Sensitive topics in healthcare
The healthcare literature identifies a negative discourse when describing sensitive research topics or the participants of such studies, including words such as ‘difficult’, ‘emotive’ and ‘vulnerable’. The vulnerability narrative further involves the adjectives ‘fragile’, ‘emotional’, ‘controversial’, ‘delicate’, ‘weak’, ‘defenceless’ and ‘helpless’. Consequently, researchers exploring topics deemed as sensitive appear to be faced with a range of barriers and challenges when embarking on these types of studies. Researchers may encounter comments from peers such as: should we really be doing these types of studies; it is inappropriate to contact specific participant groups or you will not be able to recruit participants; the benefit of involvement does not outweigh the risk of involvement and we need to protect these people from harm because the research is too sensitive. The assumption that we need to protect these people from harm reflects a paternalistic approach to healthcare and by association healthcare research, positioning the participants as requiring protection at the expense of inclusivity: this is particularly contentious for the researcher who is passionate about pursuing certain topics or for the participant who wants to share their experiences and perceive others may benefit from their experiences, and may not consider themselves as vulnerable.
Sensitive topics often intersect with cultural taboos, for example:
Exploring experiences of receiving bad news, death and dying in a contemporary but death denying culture.2
Involving children and young people in research where society deems by proxy consent and opinion for most areas of their lives, especially where the child is sick or disabled.3
Involving people with mental decline—stigma of mental illness and compromised capacity.4
Involving hard to reach populations—unveiling the political, illuminating issues of poverty and societal decline over advancement.5
Sexuality or sex.7
The research process
Research into sensitive topics has implications for individuals and the wider society, and can be controversial or distressing for not only the participants but also the researcher. Therefore, as with all studies, there must be an explicitly outlined research protocol and robust processes when considering researching sensitive topics. Consideration needs to be given to the design, sampling and participant recruitment, data collection and storage, data analysis and finally dissemination of the results.8 Researchers need to be transparent not only when obtaining ethical approval but also with participants from the inception of the research. Participants need to feel comfortable to share their perspectives, therefore it is essential to understand the nuances of the topic and where possible engage with service providers and users to ensure the proposed research has meaning and value.
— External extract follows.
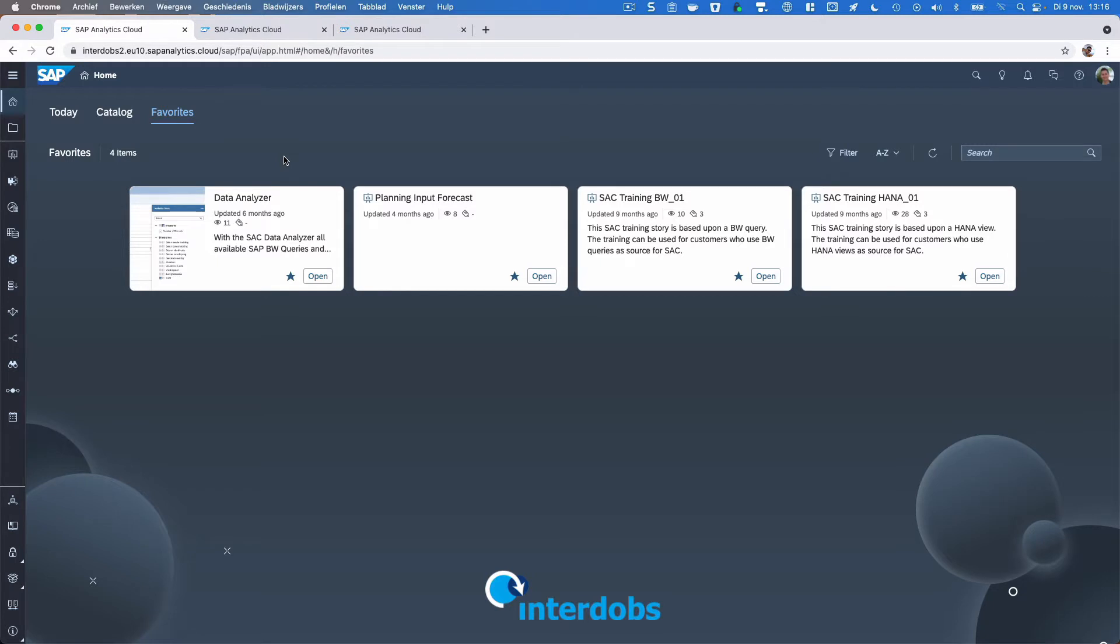This is Sophia Hacking for Interdops and Hacking SAP. In this video, I wanted to have another look at the Data Analyzer in the SAP Analytics Cloud.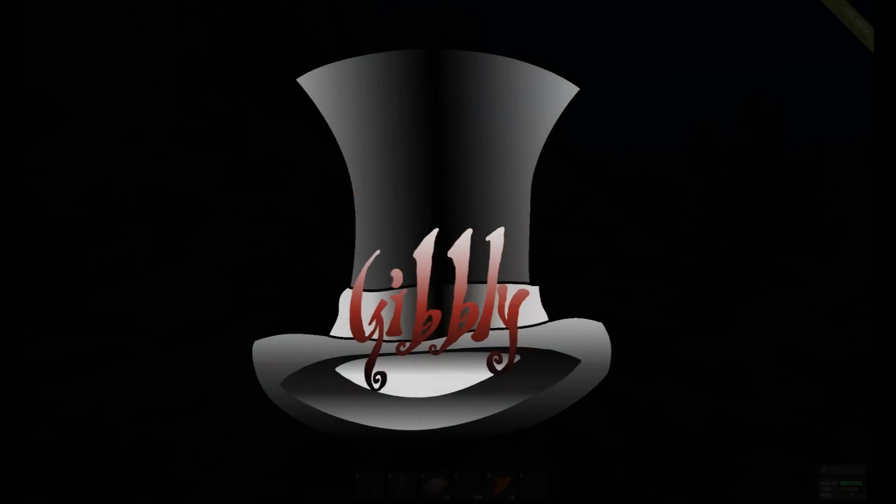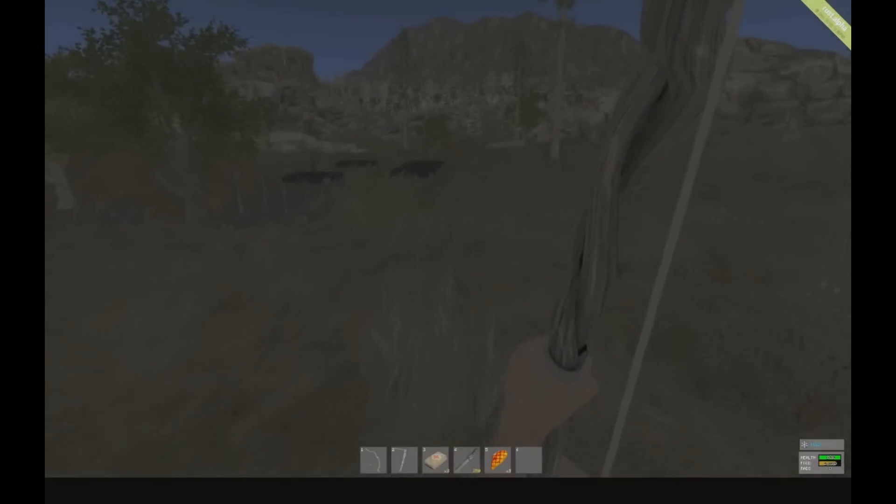Hey guys, Ghibli here. I'm going to show you how to stream Rust in the dark. If you've been streaming Rust, this is probably what some of your viewers are seeing once the sun falls on the land — you can't see anything. So it's pretty easy to switch it up and make it look better.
It is important to understand the implications that talking openly about experiences may have for participants.
Patient and public involvement
It is good practice when researching sensitive topics to involve members of the public in order to understand any challenges or the issues that may arise from the group being researched and the use of their unique expertise when creating protocols and processes. The benefits of including PPI (Patient and Public Involvement) are:
Creating participant materials such as information sheets and consent forms that are clear and are written in appropriate language.
Ensuring research questions are developed in a way that is sensitive and relevant not only to meet the study aims but to the participants.
The research will have been developed with people that have experience of the topic under investigation.
Ensuring the research is developed and undertaken in a way that is sensitive and in a way that is sensitive and acceptable to the needs of participants.9 10
It is important that involvement is not seen as tokenistic. Including users and ambassadors as co-researchers can also benefit many research endeavours.9 10
In addition to outlining the expectations of both researcher and participant, along with ensuring anonymity and confidentiality of participants and the data, consideration needs to be given to:
The risk to the researcher such as lone working and emotional toll.
The risk to the participant such as the emotional/psychological impact of discussing a sensitive topic, for example, reliving a traumatic event.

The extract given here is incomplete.